* **Data to use**:
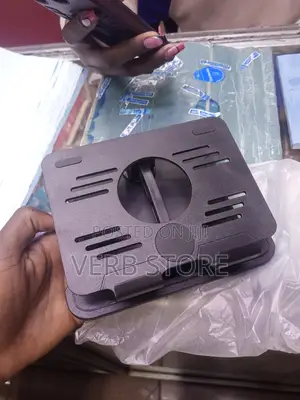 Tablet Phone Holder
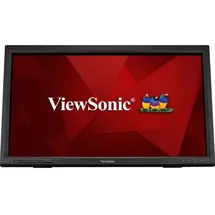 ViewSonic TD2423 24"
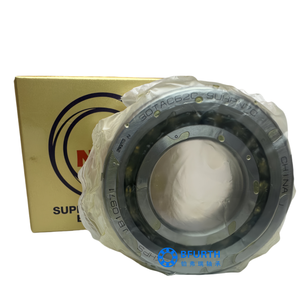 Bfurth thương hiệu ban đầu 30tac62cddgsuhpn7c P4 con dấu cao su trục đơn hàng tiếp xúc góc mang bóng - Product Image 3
---
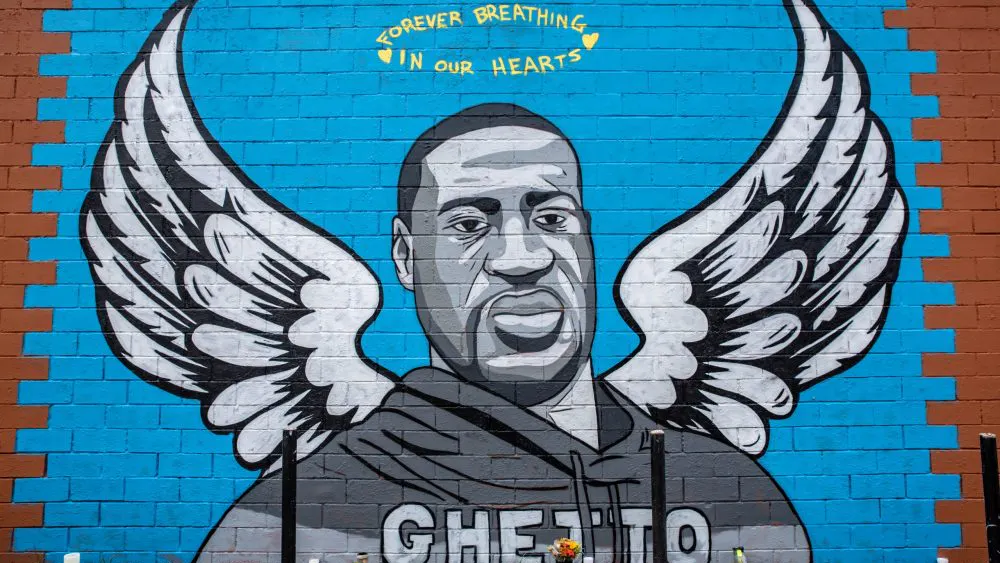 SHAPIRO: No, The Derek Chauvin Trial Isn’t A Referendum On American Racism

* **Task to complete**: Exercise for the records above: copy only the lines from the one with "Tablet Phone Holder" to the one with "Bfurth thương hiệu", both ends kept, and drop the pictures.

* **Answer**:
 Tablet Phone Holder
 ViewSonic TD2423 24"
 Bfurth thương hiệu ban đầu 30tac62cddgsuhpn7c P4 con dấu cao su trục đơn hàng tiếp xúc góc mang bóng - Product Image 3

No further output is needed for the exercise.